Ambiente e legalità, vede la luce bene confiscato alla mafia a Siculiana Marina. Risolti dopo dieci mesi i problemi legati all’installazione del contatore elettrico dell’Enel, è adesso quasi tutto pronto per l’inaugurazione ufficiale, prevista a luglio, del centro di educazione all’ambiente e per la fruizione del mare realizzato dal Consorzio agrigentino legalità e sviluppo e assegnato, con bando pubblico, all’associazione temporanea di scopo composta da Wwf, Legambiente e Marevivo.

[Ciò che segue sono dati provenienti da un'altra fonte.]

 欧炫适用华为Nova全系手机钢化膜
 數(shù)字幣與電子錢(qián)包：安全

“La prossima settimana faremo un incontro con Legambiente e Marevivo – informa il presidente dell’Ats, Pierfrancesco Rizza, consigliere nazionale del Wwf – per definire gli ultimi lavori da fare prima dell’inaugurazione. Purtroppo abbiamo avuto degli imprevisti di diversa natura ma alla fine ce l’abbiamo fatta”. “Questa è un’ottima notizia, si è perso fin troppo tempo, sarà una nuova sede importante per promuovere iniziative di sensibilizzazione al rispetto dell’ambiente e per una migliore fruizione del mare nella riserva naturale orientata di Torre Salsa”, commenta il presidente regionale di Marevivo Fabio Galluzzo.

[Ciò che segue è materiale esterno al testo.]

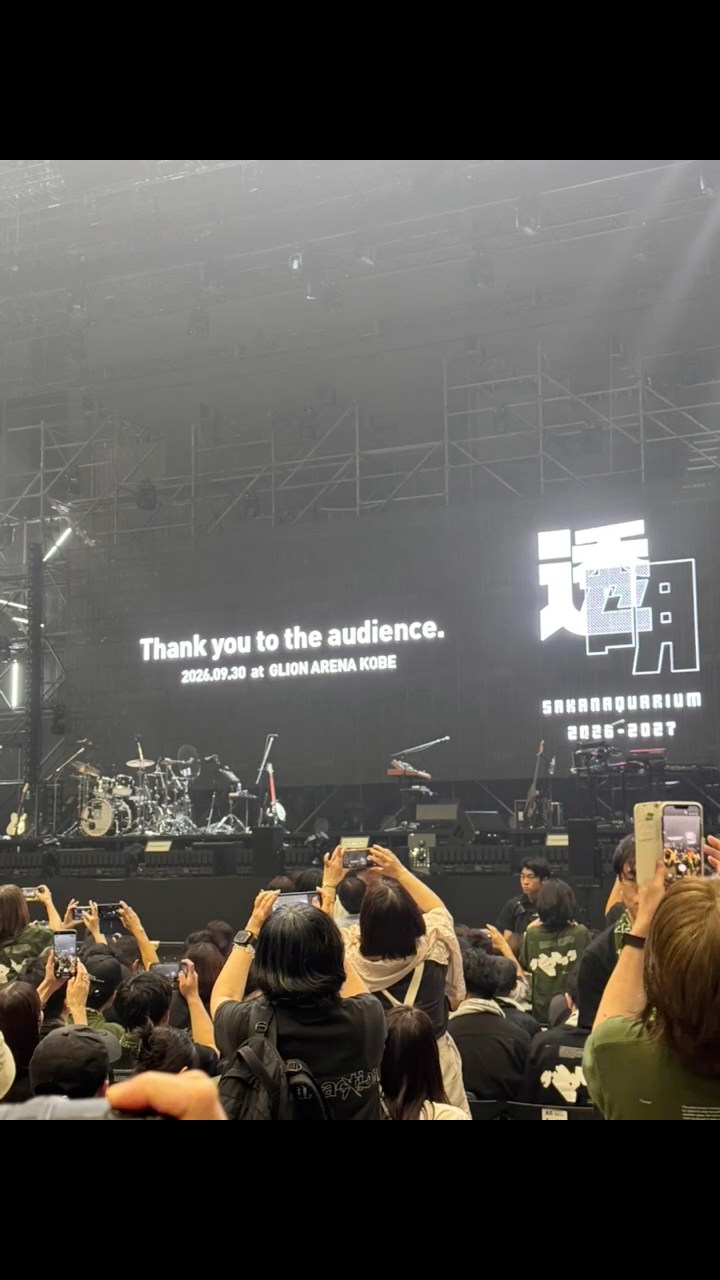 SOTA HANAMURA Live Tour 2026 -ASCEEENSION-」 次はいよいよツアー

Il centro per l’ambiente, nei mesi scorsi, balzò agli onori delle cronache per via dell’assunzione, da parte del Wwf, del figlio del presunto boss siculianese Gigi Caruana, alla cui famiglia era stato confiscato proprio il terreno in cui è stata realizzata la struttura. “Il ragazzo, da tempo volontario del Wwf, fu assunto per un periodo determinato e il contratto ora gli è scaduto. In ogni caso – spiega Rizza – il giovane, con una fedina penale illibata, era stato assunto per le iniziative del Wwf e non per la gestione dell’immobile. Abbiamo fornito tutte le delucidazioni richieste agli organi di competenza”.

“L’apertura del centro per l’educazione ambientale a Siculiana Marina è una notizia che ci rende davvero felici, si raccolgono finalmente i frutti, dopo il superamento di varie difficoltà, di quanto realizzato in quel territorio fortemente condizionato dalla criminalità organizzata. Una raccomandazione – dice Maria Grazia Brandara, presidente del Consorzio agrigentino legalità e sviluppo – è quella di fare la massima attenzione nella gestione di tutti i beni confiscati e nella conduzione delle attività che vi si promuovono. Dal punto di vista pedagogico – aggiunge – l’utilizzo dei beni confscati è molto importante poiché rappresenta uno dei segni più tangibili di una nuova cultura che coniuga sviluppo e legalità, occorre andare avanti in questa direzione e nell’Agrigentino ci sono molti beni da riqualificare e gestire. Bisogna però che l’Ars risolva per via legislativa alcuni problemi che spesso ostacolano, o comunque ritardano, il riutilizzo a fini sociali dei beni sottratti a Cosa nostra”.